• **EXERCISE DIRECTIONS**:
Here is the task for the records below: repeat exactly the lines from the one with "Imagen para el" to the one with "2014 Mercedes-Benz SLS", both included, and nothing else.

• **INPUT DATA**:
========

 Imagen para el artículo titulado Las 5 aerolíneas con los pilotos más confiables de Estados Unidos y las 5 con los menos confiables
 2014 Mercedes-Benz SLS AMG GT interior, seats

========

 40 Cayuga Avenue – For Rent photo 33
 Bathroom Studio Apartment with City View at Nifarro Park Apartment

========

• **RESPONSE TO THE TASK**:
 Imagen para el artículo titulado Las 5 aerolíneas con los pilotos más confiables de Estados Unidos y las 5 con los menos confiables
 2014 Mercedes-Benz SLS AMG GT interior, seats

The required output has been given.